By Leigh Goessl     Mar 12, 2013 in World
A student protest was triggered after a teacher accidentally sent out a mass email containing a document that included insulting comments about students made by teachers.
This week in Israel students protested after a teacher inadvertently sent out an attachment to high school students. The document sent out in the mass email contained disparaging and insulting comments made by teachers about their students, reported Gawker.
The teacher who sent the email was reportedly in charge of gathering information from colleagues in preparation of a field trip to various Holocaust sites throughout Poland. The information accumulated was described in the media as a "burn book" in the form of a spreadsheet.

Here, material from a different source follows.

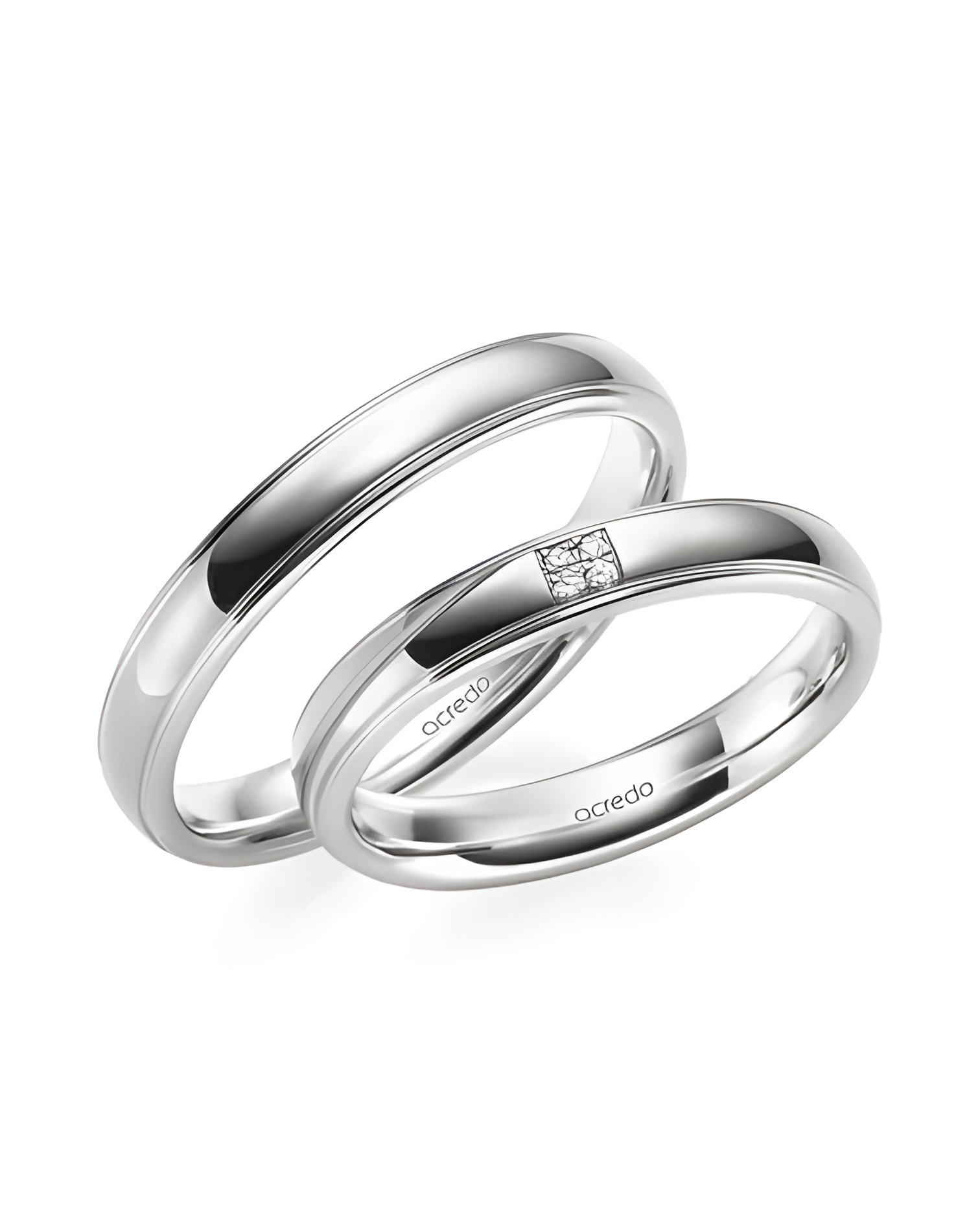 Anillos de matrimonio en oro blanco con 4 diamantes - Alianzas de boda - 


Teachers made a variety of comments next to student names; some were complimentary or neutral (i.e. "pleasant", "quiet"), while others had notations such as "big baby", "liar", "not too bright" and "sicko", to name a few.
Students signed up for the trip were the ones that had received the email, reported The Scotsman.
Students arrived at school carrying signs highlighting the disparaging words teachers had used to describe them.
“It broke the trust with my teachers. I never believed that they could write something like that. I was surprised, in a bad way,” one of the students told Ynet on Monday (courtesy Jerusalem Post).
The Ministry of Education said it is taking this incident seriously. It released a statement on Monday stating that the disparaging comments made by teachers are "unacceptable" and have no place in the educational system, reported the Jerusalem Post.
The Ministry met with teachers to talk; teachers subsequently apologized to the students.
“This is not about a human error from a teacher who accidentally sent the email, this is about the fact that the document should not have been created in the first place,” said Yesh Atid MK Karin Elharar, chairwoman of the lobby for the integration of children with disabilities in the education system.
"How can we ask the students to behave in an appropriate manner if teachers show an example of unworthy acts?" she added.